And, of course, as Beijing is under siege from its own arsenal of thoughtlessly planned rapid development and obscene coal production, the recently besieged city of Paris is holding a summit on what to do about an environment that will eventually look like Beijing the world over in the not too distant future.

When I read about how grotesque and selfish the human race is, from individual choices (I drive a mini-van; I have three children in an overcrowded world) to societal patterns (mass “farming,” mass slaughter of animals), I cannot help but terrifyingly regret the births and ominous future of my own children. When a mother sees a gun pointed at her child, her first impulse is to throw her body on top of his; our environmental collapse creates in me the same impulse, but the threat is so simultaneously nebulous, immediate, and distant that my only real reaction is paralysis.

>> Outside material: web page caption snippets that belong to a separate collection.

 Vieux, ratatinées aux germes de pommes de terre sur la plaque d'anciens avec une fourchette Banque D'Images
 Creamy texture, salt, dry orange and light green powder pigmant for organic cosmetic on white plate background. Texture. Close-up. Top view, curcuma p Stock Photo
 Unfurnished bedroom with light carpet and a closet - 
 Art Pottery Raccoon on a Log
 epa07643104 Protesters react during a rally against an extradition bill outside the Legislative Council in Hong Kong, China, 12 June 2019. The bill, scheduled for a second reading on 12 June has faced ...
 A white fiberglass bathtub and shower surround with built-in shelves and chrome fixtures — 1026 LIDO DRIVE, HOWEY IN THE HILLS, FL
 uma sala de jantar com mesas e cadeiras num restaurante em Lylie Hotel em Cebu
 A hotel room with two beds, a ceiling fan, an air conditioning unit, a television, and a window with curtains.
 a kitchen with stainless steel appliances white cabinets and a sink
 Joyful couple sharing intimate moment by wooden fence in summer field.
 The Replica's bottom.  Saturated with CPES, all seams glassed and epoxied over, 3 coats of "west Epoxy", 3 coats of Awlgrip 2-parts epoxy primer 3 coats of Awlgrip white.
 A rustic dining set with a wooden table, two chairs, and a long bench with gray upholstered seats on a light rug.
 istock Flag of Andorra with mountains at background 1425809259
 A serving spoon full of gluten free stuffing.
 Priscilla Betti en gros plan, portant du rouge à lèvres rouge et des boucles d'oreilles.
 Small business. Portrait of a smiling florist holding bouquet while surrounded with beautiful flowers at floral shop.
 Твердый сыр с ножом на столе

And so it is with our world. A universal state of paralysis, fear, rage, and violence. I admit that I have actually stopped following domestic news, believing that if I don’t hear about the poll numbers surrounding the hideous idiot Donald Trump then maybe they don’t exist, or they’ll go away. So when the latest racist vitriol spilled out from this nation’s shores it was from the perspective of Germany (ironic!) that I heard it first. Donald Trump has an international voice. Who knew we could devolve to such a point that a badly painted, vapid and foolish little man could capture a nation’s attention? The more fearful we become, apparently, the more stupid we become, and the more closed.

In Buddhism I have learned that this is the patterning of the human mind: fear generates narrowness; courage generates an openness that can be as wide as an (unpolluted) sky. It makes sense of course that what occurs on the micro-level (the individual consciousness) would become a mirror to the macro, but how heartwrenching that we seem, after all the wisdom teachings from every corner of the world, to not have evolved much after all.

Last Sunday my teacher Richard Freeman gave a typically lovely dharma talk on a Hindu creation story. It involves benevolent gods, lead by Varuna, and their shadows, or inverse mirrors, the demons, or asuras. The story, as all good stories do, winds and twists in strange ways that also make sense from some sort of inner logic. Except in this story there is a troubling, unsolvable mystery: the foundation of creation, it turns out, rests on the back of a turtle. And that turtle, of course, is held up by another turtle, who in turn is held up by another, and so on, until one realizes that the frustrating trick of infinite regression has just appeared, and has actually dominated the myth from the beginning.

What really haunted me in Richard’s telling of the tale is that the turtle not only holds the world on his back; he holds the sacred central axis, the sushumna nadi, as well. Is the central axis of the spirit, of the mind, of the body, an infinite regress as well? When I asked him this, he smiled and nodded and then said, “Well, or infinite progress.” He seemed optimistic about it. I felt depressed: illusion. Again, illusion. But then Richard is about half a million years older than I am, at least.

But where is the progress? In my own practice, I don’t see it. Well, a glimmer. I am more kind. Sometimes. Not to myself. Never to myself (fat, lazy, bad mother, lacking lover, selfish: the inner monologue never stops its boring drone). But certainly to others. I allow my heart to be broken now. Every day my heart is broken, cracked open like the robin’s egg in that gorgeous poem of childhood by James Merrill. Every day I am cracked clean through. Especially when I see photos of Beijing and hear that a man named Donald Trump has the nation’s ear. Especially when I look at animals, and birds taking flight. Especially when I think of my husband, from whom I am half estranged and half tied for life, diving today in the Caribbean sea. Especially when I think of my small little world, and that it is, like the big big world, resting on the back of a turtle who either is or is not self supporting.

Especially when I think… we will never know.